Having spent my virgin year at Burning Man in 2009, I went as a blank slate. Although I had almost a year in the Burner culture in Vegas, experiencing the people there was almost culture shock. In my personal burner blog, I wrote a trip report detailing a lot of observations. I noted there was a lot of differences in the area of how women were treated and sexual identity.
Burning Man is a sexually charged place. It is as if for every ten camps there is one related specific for sex. Orgy camps abound, there is a wide use of drugs, and people dress in outlandish costumes bordering on silly. Or… is this the 70’s sexual revolution when gays were finally telling the world they were busting out of those closet.
While attending, I observed and watched as many people as possible. In spite of the “radical inclusion” principle in Burning Man and “radical self-expression” I found many straight men deeply insecure in their own sexuality. Incidentally, there was a lot of objectifying of women by men or by themselves in order to get attention.

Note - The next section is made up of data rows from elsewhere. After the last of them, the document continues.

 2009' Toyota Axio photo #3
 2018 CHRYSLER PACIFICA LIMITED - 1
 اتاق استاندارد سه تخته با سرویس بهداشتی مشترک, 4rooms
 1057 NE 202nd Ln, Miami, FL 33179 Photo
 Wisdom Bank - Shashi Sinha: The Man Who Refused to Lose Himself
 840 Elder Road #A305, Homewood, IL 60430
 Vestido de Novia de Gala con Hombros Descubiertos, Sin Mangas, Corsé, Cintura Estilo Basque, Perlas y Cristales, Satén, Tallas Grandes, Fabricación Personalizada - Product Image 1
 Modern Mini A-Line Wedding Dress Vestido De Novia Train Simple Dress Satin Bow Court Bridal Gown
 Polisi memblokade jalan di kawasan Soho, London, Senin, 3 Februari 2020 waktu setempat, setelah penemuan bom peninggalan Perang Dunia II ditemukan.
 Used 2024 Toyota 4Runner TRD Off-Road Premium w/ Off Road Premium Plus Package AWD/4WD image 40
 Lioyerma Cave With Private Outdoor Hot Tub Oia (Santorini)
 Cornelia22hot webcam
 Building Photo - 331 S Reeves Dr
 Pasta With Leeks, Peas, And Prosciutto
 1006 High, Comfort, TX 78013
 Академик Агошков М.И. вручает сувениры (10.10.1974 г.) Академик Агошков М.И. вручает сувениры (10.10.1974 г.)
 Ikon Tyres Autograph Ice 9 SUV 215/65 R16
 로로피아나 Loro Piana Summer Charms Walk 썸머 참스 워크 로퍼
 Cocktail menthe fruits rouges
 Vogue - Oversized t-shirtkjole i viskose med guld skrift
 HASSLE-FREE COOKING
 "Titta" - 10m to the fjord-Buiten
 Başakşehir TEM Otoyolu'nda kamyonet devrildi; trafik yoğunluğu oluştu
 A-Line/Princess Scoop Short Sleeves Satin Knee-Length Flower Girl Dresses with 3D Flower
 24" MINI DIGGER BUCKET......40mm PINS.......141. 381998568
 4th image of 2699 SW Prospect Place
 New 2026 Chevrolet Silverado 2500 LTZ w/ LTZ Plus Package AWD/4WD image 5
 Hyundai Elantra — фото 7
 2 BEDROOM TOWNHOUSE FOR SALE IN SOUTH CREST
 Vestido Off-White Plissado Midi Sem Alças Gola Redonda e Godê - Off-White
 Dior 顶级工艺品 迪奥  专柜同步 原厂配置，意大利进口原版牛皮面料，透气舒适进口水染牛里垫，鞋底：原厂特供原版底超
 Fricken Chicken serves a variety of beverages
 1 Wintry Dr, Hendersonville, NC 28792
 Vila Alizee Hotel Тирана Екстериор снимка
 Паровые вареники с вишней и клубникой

The costumes and the unleashed behavior of the heterosexuals and repressed majority of the default world represented in the sex, drugs, and the party-hearty were the things WE queers already went through in the 70’s in mass; what many gay youth do to rebel already. We have lived this.
Frankly, I found the queers of Burning Man living closer to a default comfortable existence while the heteros acted out under the guise of being “creative” while being simply ridiculous.
Am I being too hard in my assertion? Is it fair? What matters is that the arch-type has shifted. I see gay people comfortable with their identities, selves, image while the heterosexuals are scrambling in insecurities with identity and sexuality.
This was a blanket analysis while not defining all heterosexual men. There were some major differences in the men I met out there and the expression of who they were. Preconceived notions were turned upside-down.
- There were a lot of men with long, beautiful dreads and skinny, malnourished bodies that I find particularly sexy in my own sick world. They represented the conceptual hippie man. (Side Note: Fucking Hot!) Yet, ironically these men I expected to find liberal attitudes, but what I discovered was almost consistent inner conflicts with their own sexuality; or mine as it were if I was the one flirting with them.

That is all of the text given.